Five 🧩Pieces To Explain The Board Games
We need to understand the nature of the Board Game to talk or classify or create a Board Game. Let me explain further. In order to do it, I’m going to describe the Board Game like a composition of five pieces. These are intended to be interchangeable for recreating a new board game.
Fictional universe
the Board Game is like an autonomous mini-world that is disrupted by players to achieve their goals. Except the players help the system to live, unlike in video games! This universe is composed of three pieces.
1 — The engine ⚙️
The engine is a set of generic rules to describe the behaviour of each possible entity. In our real-world, it is like four fundamental forces of nature.
2 — The microcosm 🌎
The microcosm is a set of entities that implement the engine. In fact, the entities are characters, locations, objects. Moreover, they are described by properties to apply the generic engine rules…
3 — The background 🎭
The background is the context of the microcosm: geographical, political, epoch… Therefore this piece is optional like in the abstract Board Games.

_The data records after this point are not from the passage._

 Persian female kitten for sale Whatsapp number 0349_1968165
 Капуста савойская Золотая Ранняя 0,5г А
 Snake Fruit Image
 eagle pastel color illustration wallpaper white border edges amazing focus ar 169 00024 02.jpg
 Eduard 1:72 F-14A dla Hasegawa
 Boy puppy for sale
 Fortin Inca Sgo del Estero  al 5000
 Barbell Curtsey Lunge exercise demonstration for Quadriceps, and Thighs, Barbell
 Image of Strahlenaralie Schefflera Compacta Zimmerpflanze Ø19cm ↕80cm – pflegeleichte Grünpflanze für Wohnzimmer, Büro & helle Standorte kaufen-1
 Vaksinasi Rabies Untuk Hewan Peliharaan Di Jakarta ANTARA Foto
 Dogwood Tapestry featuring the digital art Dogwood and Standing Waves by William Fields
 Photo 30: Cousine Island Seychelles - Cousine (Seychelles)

We have already spoken about the stage and the puppets, now we are going to talk about the strings to manipulate the microcosm!
Physical-world
To interact with the fictional microcosm, we need two additional pieces.
4 — The media🎲
The media used for board games is concrete stuff: card, dice, token, meeple…! this is the representation of the microcosm to play.
5 — The script🎯
The goal of the last piece is to motivate the players! Indeed it is not fun to obverse the microcosm! So the script gives aims to the players.
Bonus — The play️ 🎁
Now the Board Game is completely defined. We can play! In that respect, each play is different. Moreover, the players can imagine for themselves a background beyond the author. And so we could consider the play like a bonus piece.
Conclusion
Actually, in this model — Five 🧩Pieces To Explain The Board Games — many cases in the Board Game industry are described:
- Many scripts are added to change the purposes of players.
- Wargames reuse the equipment with a different engine.

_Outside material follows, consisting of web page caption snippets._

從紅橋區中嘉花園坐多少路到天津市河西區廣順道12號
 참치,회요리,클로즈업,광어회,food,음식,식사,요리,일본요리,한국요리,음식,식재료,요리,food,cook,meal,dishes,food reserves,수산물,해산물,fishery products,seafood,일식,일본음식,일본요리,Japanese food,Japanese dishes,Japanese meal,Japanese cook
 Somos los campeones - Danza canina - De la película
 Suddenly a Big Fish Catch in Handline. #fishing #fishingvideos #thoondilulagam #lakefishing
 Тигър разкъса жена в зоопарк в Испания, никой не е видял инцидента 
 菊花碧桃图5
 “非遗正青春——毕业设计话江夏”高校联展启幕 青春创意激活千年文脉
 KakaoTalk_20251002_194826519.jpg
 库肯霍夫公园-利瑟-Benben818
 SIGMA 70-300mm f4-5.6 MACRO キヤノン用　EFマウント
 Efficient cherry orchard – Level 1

- Editors change the equipment to create a pocket version.
- Authors reuse the engine to implement a new game with a different background…
This sounds nice. I think this model is not Board Game exclusive. It could be used for movies, books: just the media is different! And the other obvious application is the video game and generally speaking the software development. Each case is a representation or modelisation or abstraction of the reality with stories and user experiences.
This brings me to think about the bridge between the dramaturgy and the board game: a good Board Game is a good story!